I. La plaza de la delfina

Nada hay tan hermoso como esos caserones del siglo XVII que la plaza Real nos ofrece en majestuoso conjunto. Cuando sus fachadas de ladrillos bien trabados y enmarcados por molduras y cantos de piedra, y sus ventanas altas se encienden con los resplandores espléndidos del sol del atardecer, siente uno al contemplarlas la misma veneración que ante un tribunal de magistrados vestidos con togas rojas forradas de armiño; y si no fuese una pueril comparación, podría decirse que la larga mesa verde alrededor de la cual esos temibles magistrados se sientan formando un cuadrado se parece un poco a esa diadema de tilos que bordea las cuatro caras de la plaza Real, completando su austera armonía.

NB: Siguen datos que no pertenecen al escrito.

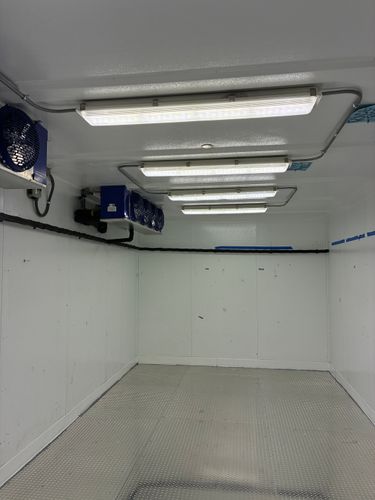  for KRW Electric in Miami Beach, FL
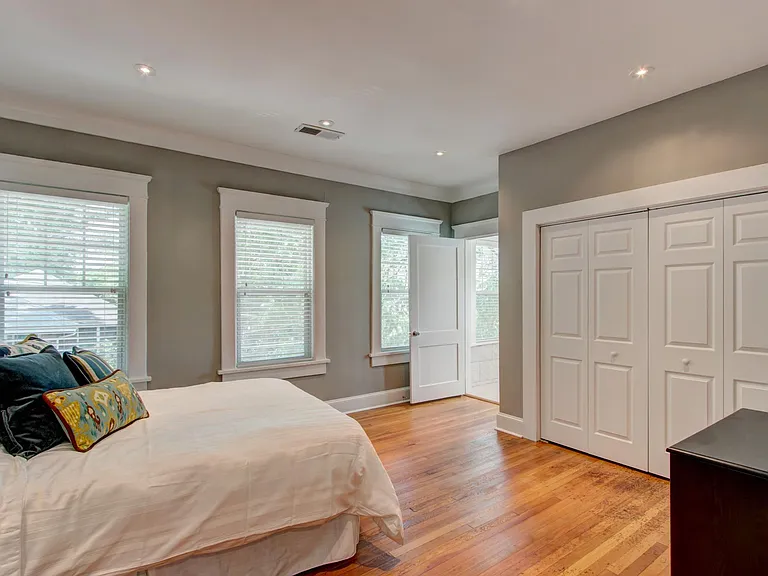 722 Ponce De Leon Ct NE #4 — Photo 14
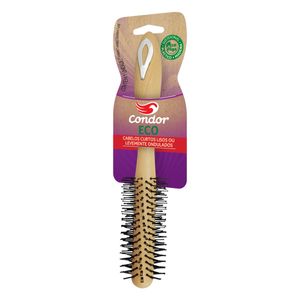 Condor Basic Escova Cabelo Simone
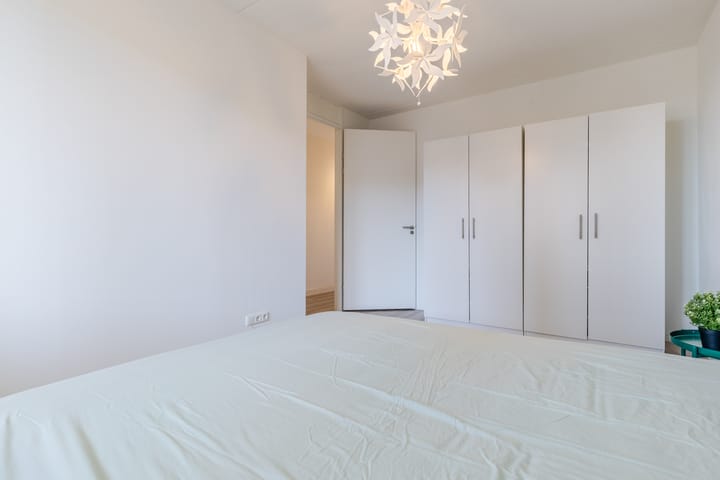 Foto 20 van Meerzand 53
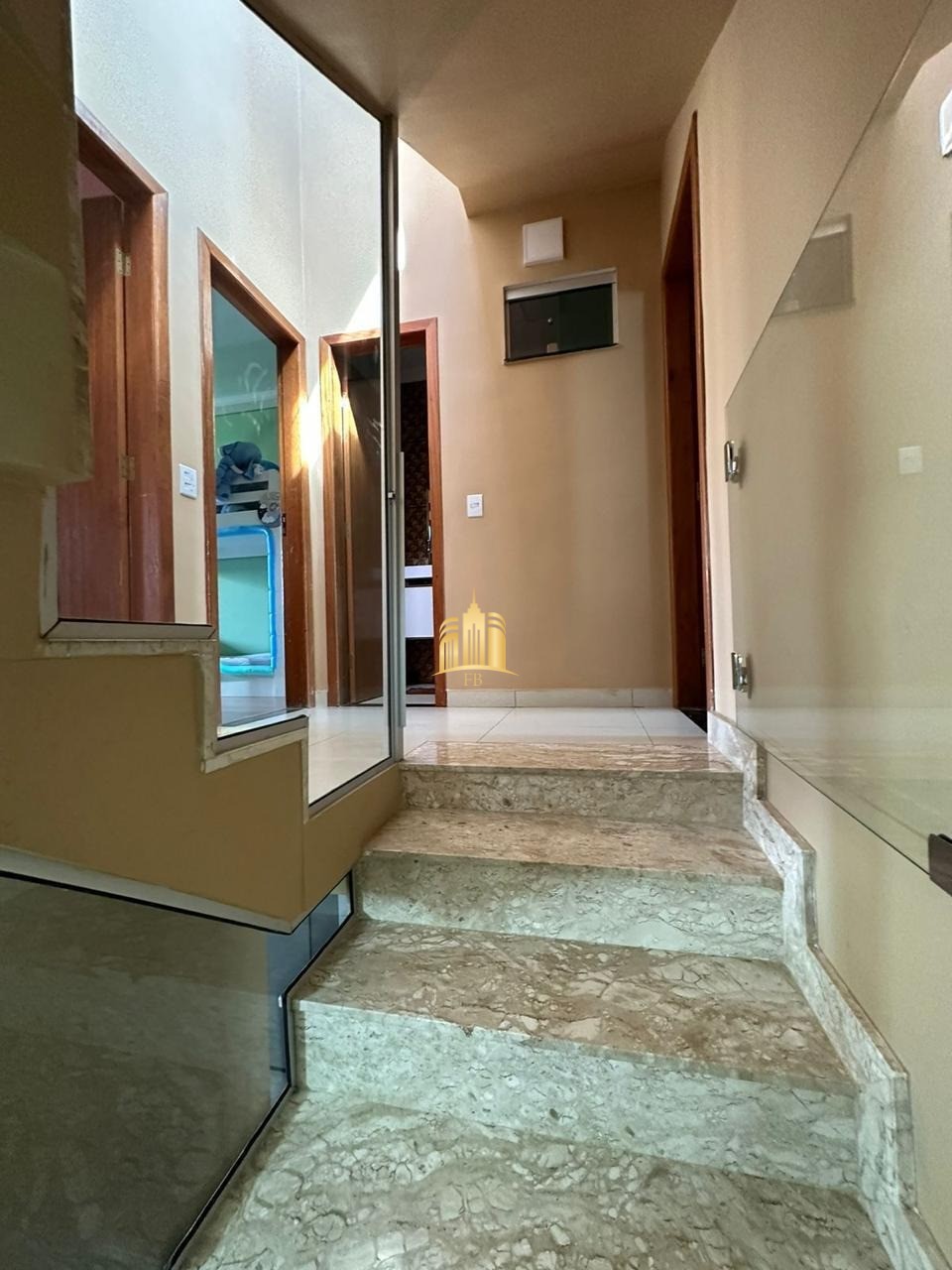 Casa, 3 quartos, 100 m² - Foto 4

Hay otra plaza en París que no es menos agradable por su regular y normal estilo; así como la plaza Real tiene la forma de un cuadrado, ésta, aproximadamente, ofrece la de un triángulo. Fue construida en el reinado de Enrique el Grande, que la llamó plaza de la Delfina; admiró a las gentes de entonces el tiempo escaso que precisaron sus edificios para cubrir todo el terreno inculto de la isla de la Gourdaine. Fue un dolor cruel la invasión de este terreno para los curiales, que iban allí a divertirse ruidosamente, y para los abogados, que meditaban en él sus alegatos: ¡un paseo tan verde y florido al salir de la infecta audiencia del palacio!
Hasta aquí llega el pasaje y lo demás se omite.